● ABOUT THIS EXERCISE
Each line from the one with "SRM tải van 2 chỗ sản xuất 2025, odo 9000km" through the last line below must be written out exactly. Do not copy pictures.

Pictures with short captions:

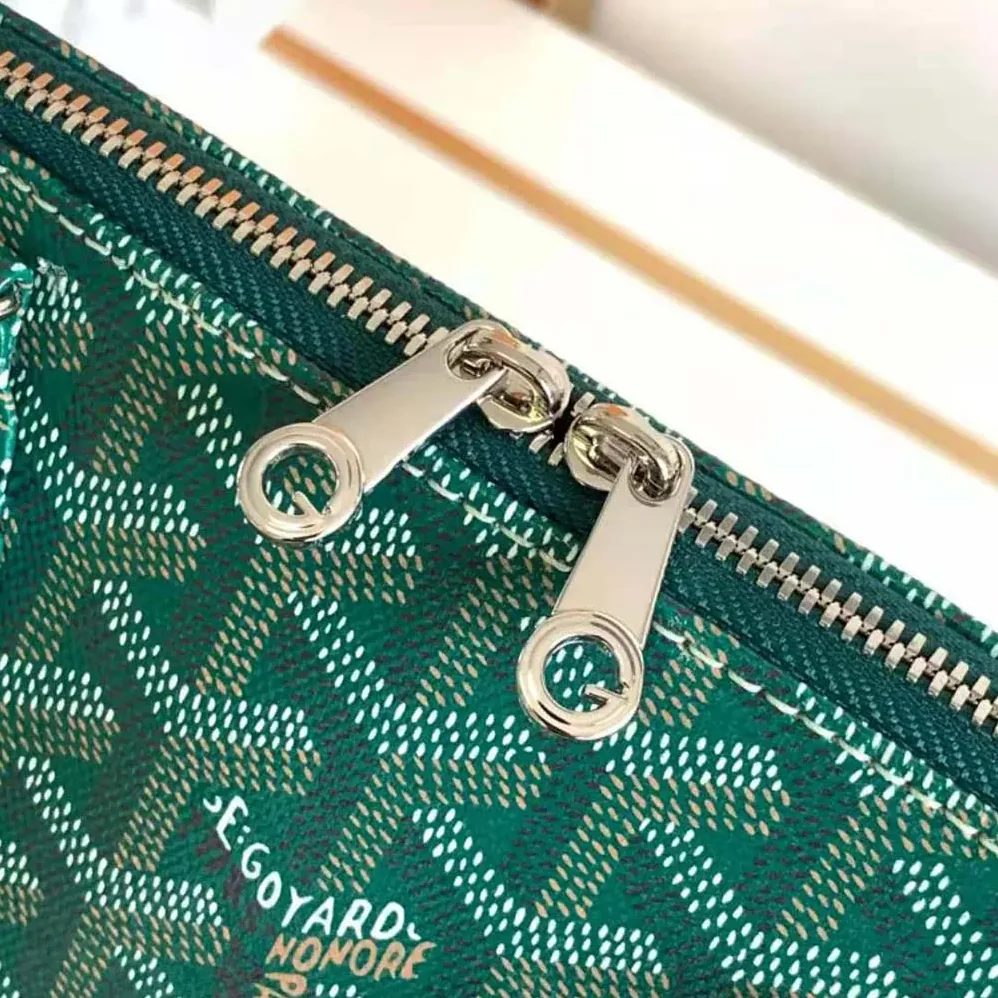 Goyard Vendôme PM Bag for Women in Green Goyard Vendôme PM Bag for Women in Green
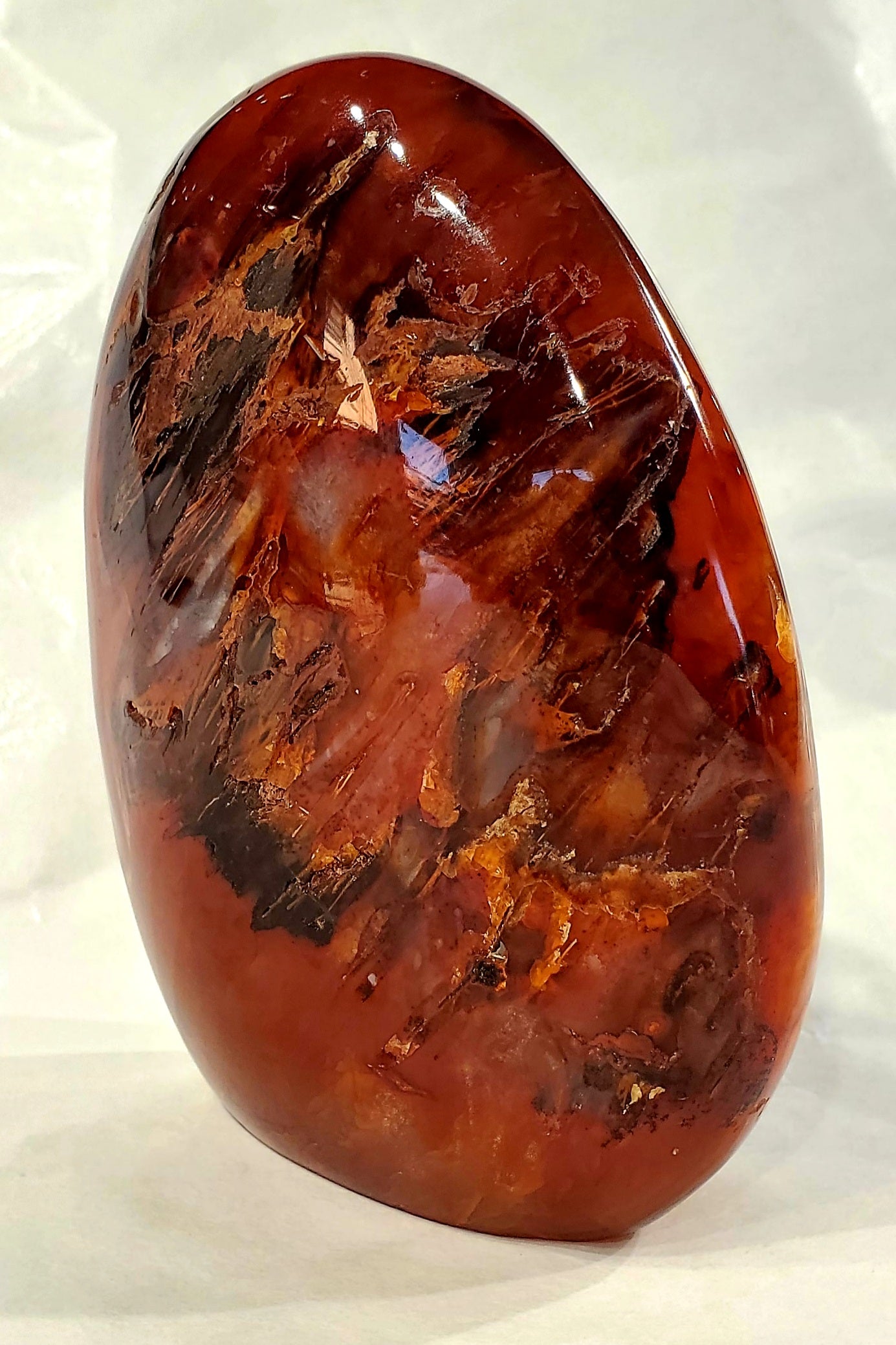 Carnelian Free Form, Madagascar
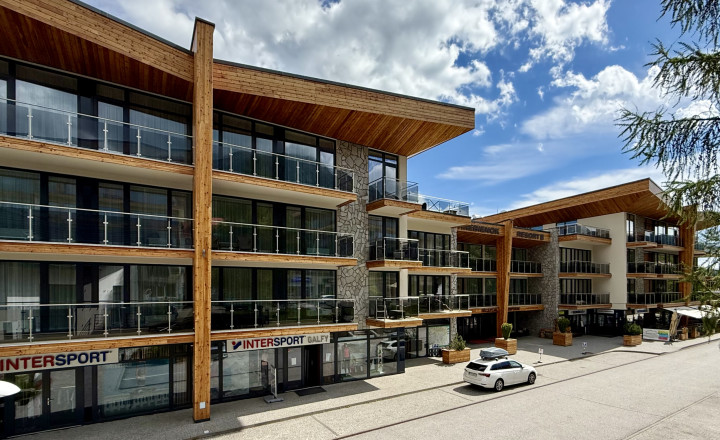 Elegantný apartmán v jedinečnom rezorte Hrebienok - Vysoké Tatry - fotografia 9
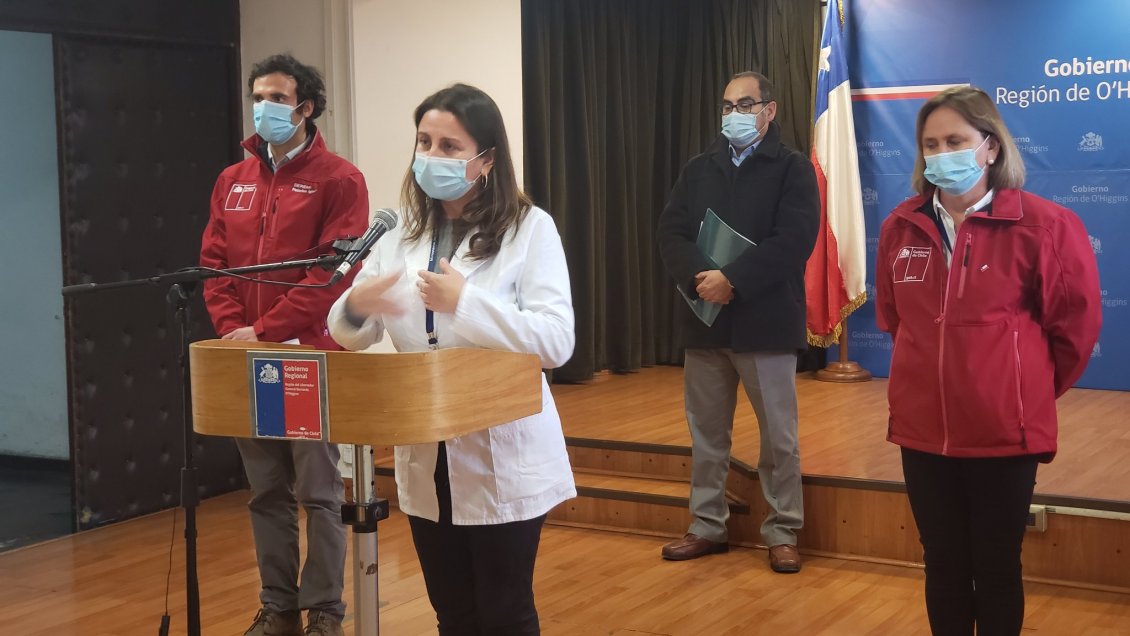 Renunció la seremi de Salud de O'Higgins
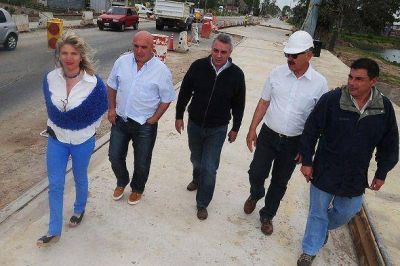 Tigre sigue trabajando en la ampliaci�n de la Ruta 27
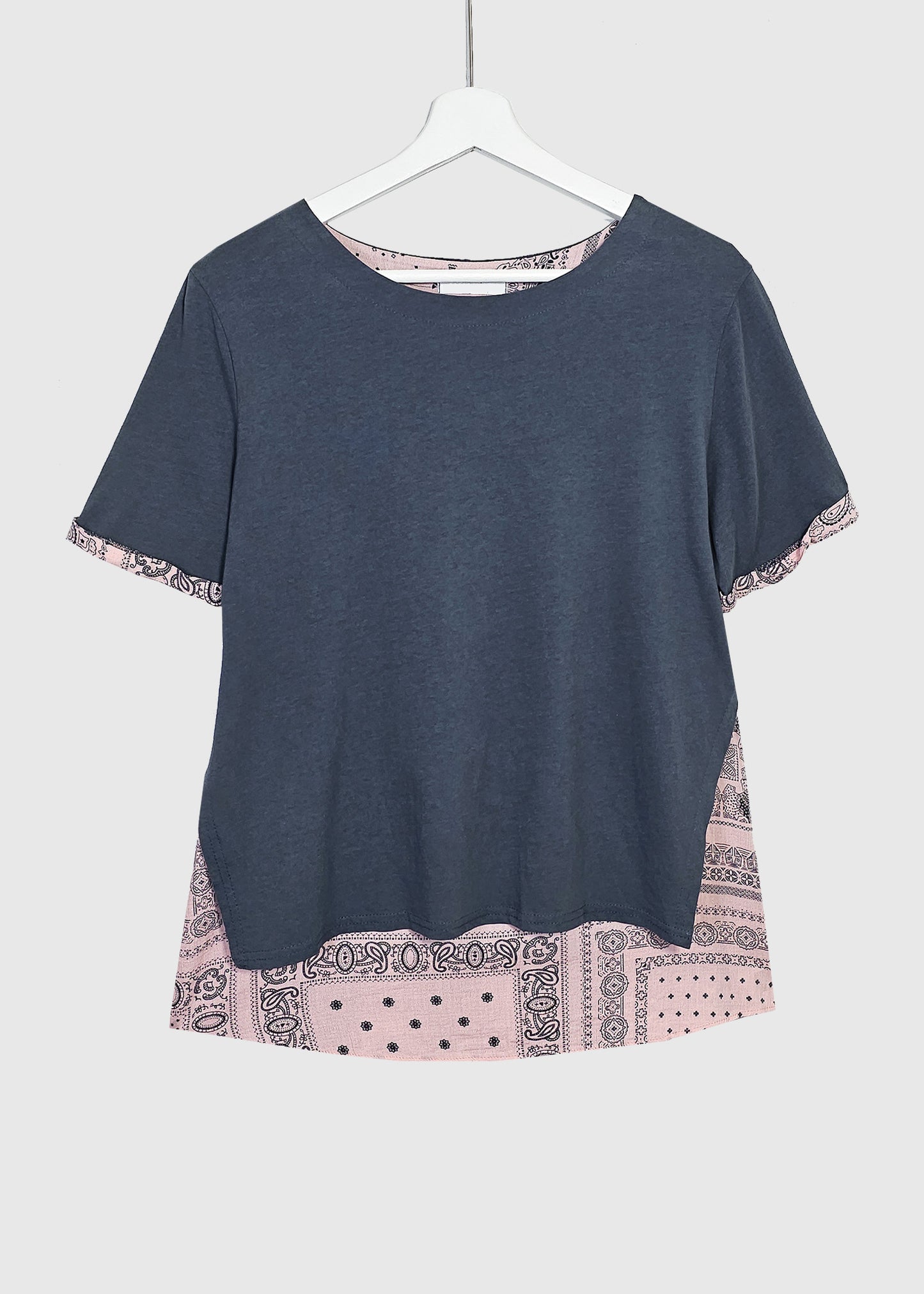 ARTEMIS Cotton Layered Top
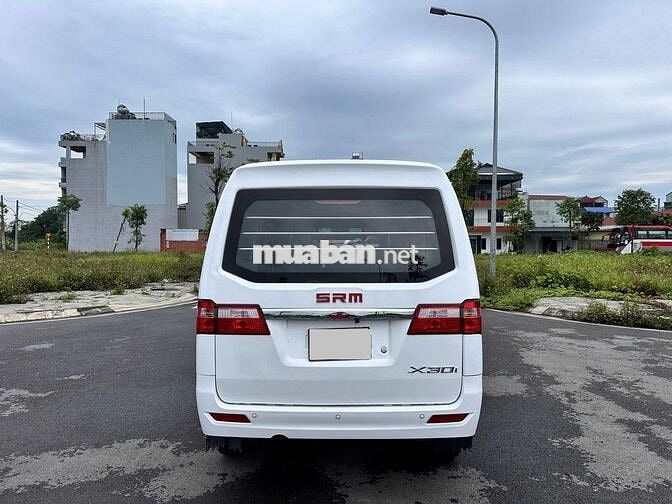 SRM tải van 2 chỗ sản xuất 2025, odo 9000km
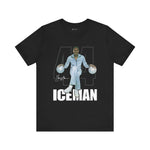Printify T-Shirt Black / S George Gervin "The Iceman" | Goat Series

● EXERCISE RESULT
 SRM tải van 2 chỗ sản xuất 2025, odo 9000km
Printify T-Shirt Black / S George Gervin "The Iceman" | Goat Series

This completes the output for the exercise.